Dotado de uma notável capacidade de sedução – política e não só -, Potemkin juntou vasto currículo no alargar do império que serviu. Anexou a Crimeia, fundou um serviço secreto e uma marinha para o Mar Negro, e governou quase toda a região a que hoje chamamos Ucrânia através de uma megalomania sobejamente disfarçada. Catarina foi ‘a Grande’, Potemkin foi o príncipe dessa grandeza. A amizade entre ambos não quebrou após fim de caso, o que não deixa de ser outro feito digno de nota. Trocaram correspondência romântica.
Durante esse tempo – numa viagem da czarina ao sul ucraniano, em inspeção à governação do seu nomeado -, Potemkin esmerou-se no lustro.
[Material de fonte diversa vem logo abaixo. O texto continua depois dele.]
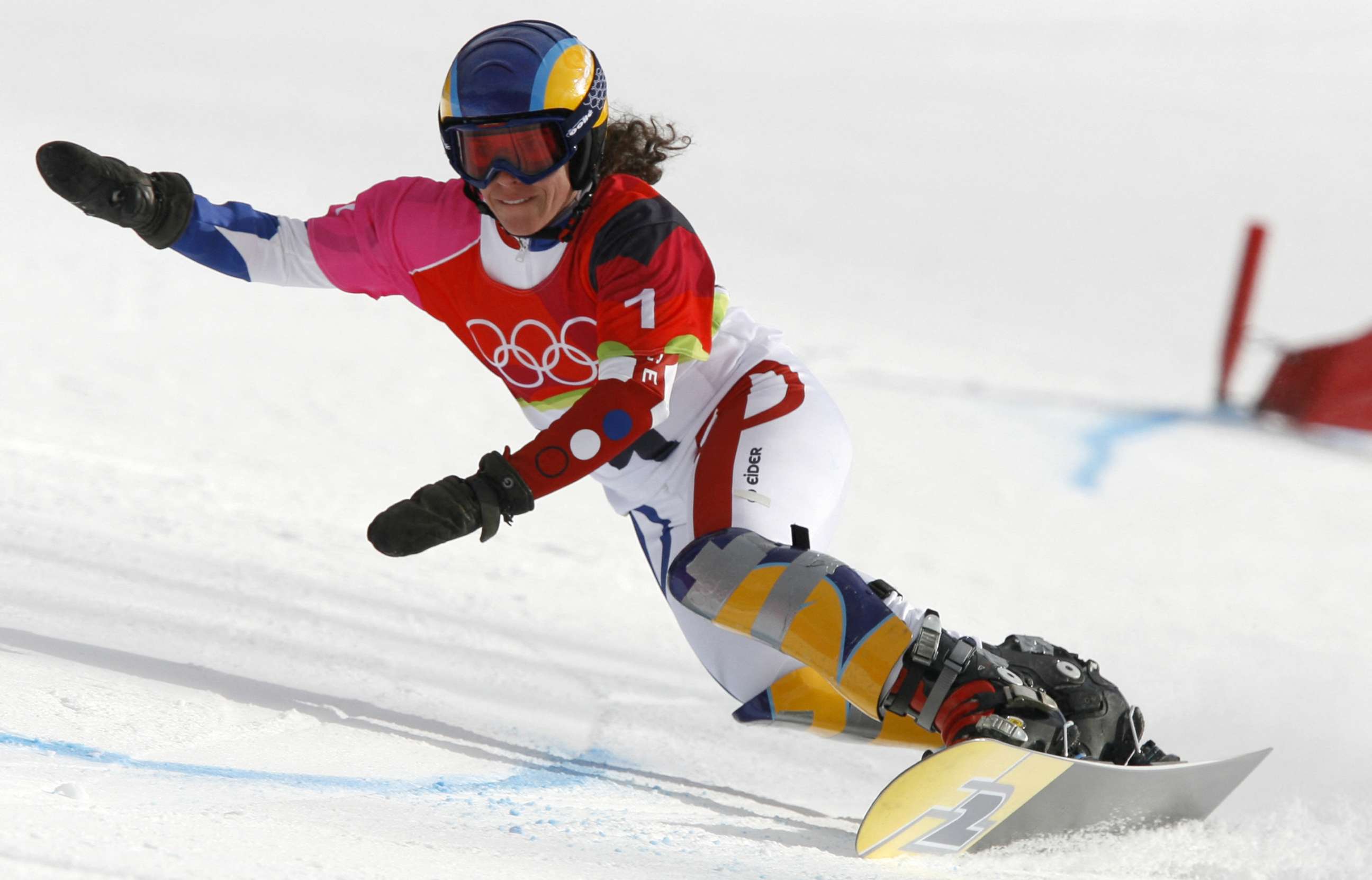 PHOTO: French snowboarder Julie Pomagalski speeds down the course while competing in the women's giant parallel slalom at the 2006 Winter Olympics in Turin, Italy, on Feb. 23, 2006.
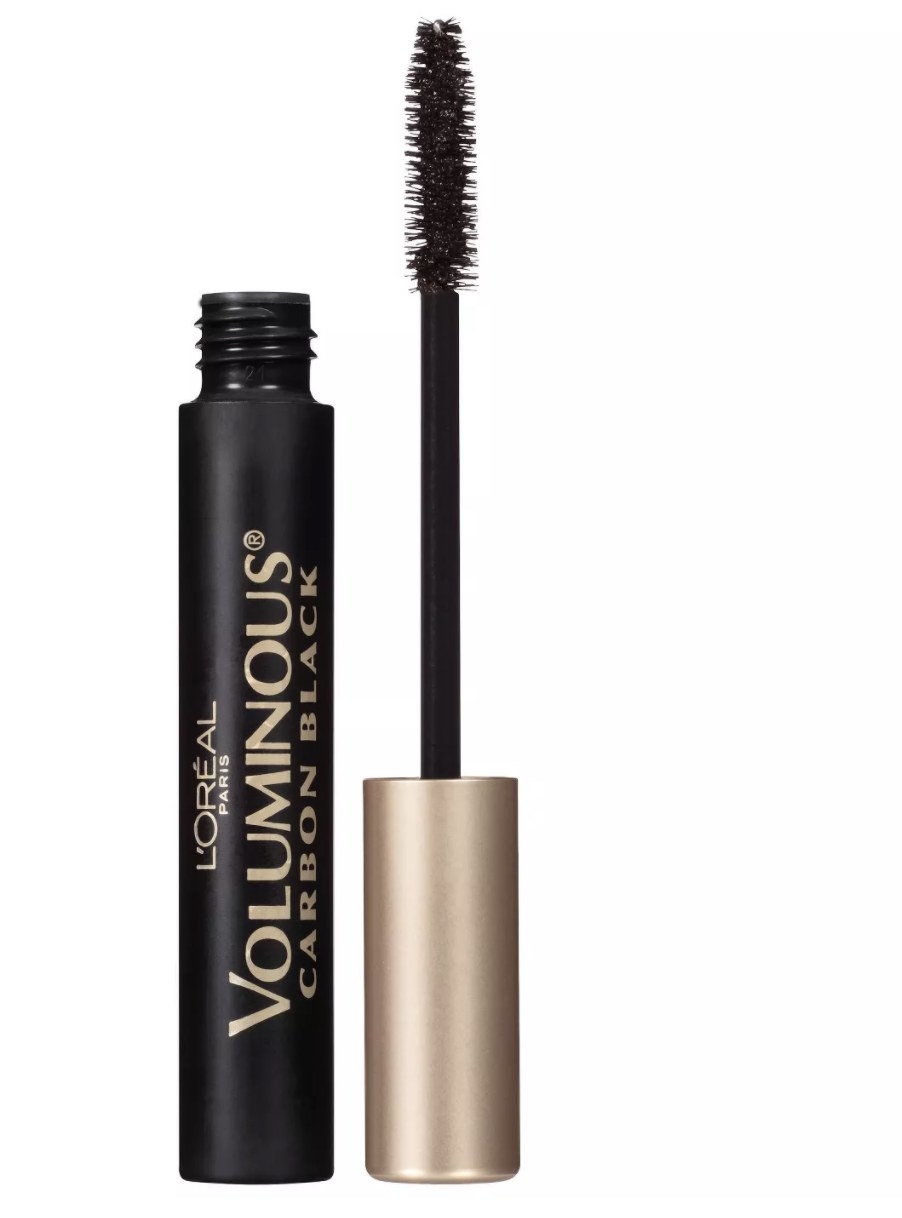 The black mascara tube says &quot;L&#x27;OREAL VOLUMINOUS CARBON BLACK&quot; in gold lettering and has a gold lid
Foi aí que, além do couraçado e da excentricidade, o governante se inscreveu nos pergaminhos por razão de foro talvez mais fenomenal. Catarina e a corte passavam vistoria a bordo de navio imperial, descendo o rio Dnipro, e Potemkin fez da viagem um sucesso, mandando construir belas fachadas de aldeias litorais que atrás não tinham mais que ruína ou ar, mas que deliciavam os olhos da czarina. Alega-se até que camponeses foram cuidadosamente colocados como figurantes. Em pleno século XVIII, assistia-se à primeira grande manobra de ‘spin’ sem consciência da mesma. Hoje, chamar-lhe-íamos política doméstica.
Foi precisamente de Grigory Aleksandrovich Potemkin – e da lenda adjacente – que me lembrei quando li a notícia do Carlos Diogo Santos no SOL da semana passada. O primeiro-ministro, desta vez o nosso, foi protagonista de um conselho de ministros aberto a perguntas de cidadãos, tendo estes sido pagos (pela tarefa, pelo alojamento e pela deslocação) com dinheiro do governo que questionariam. Não é bem uma fachada à Potemkin, mas há um paralelo na encenação a que António Costa não é estranho. Anunciar a deslocação do Infarmed para o Porto e depois desdizê-la como mera «intenção» cabe igualmente no lote de ‘potemkices’ do atual Governo. Apelar a «consensos» e ao mesmo tempo boicotar qualquer iniciativa parlamentar da Oposição é outro exemplo. As cativações como estratégia orçamental, mais do que uma aldeia na margem do Dnipro, são um país pintado para Bruxelas também fazer a sua imperial inspeção. Tudo bonito, tudo vazio.
Como o fabulado Potemkin, Costa ilude para governar. E é bom nisso. Tem também uma Catarina, embora essa possa vir a ser separação menos amigável que a dos antigos, e responde a um czar de glória menos dependente, que é Marcelo Rebelo de Sousa. Apesar dos recentes aniversários impelirem a alguma contenção no que diz respeito a alegorias soviéticas, esta pareceu-me apropriada. Afinal, ainda ninguém discursou em russo na Assembleia.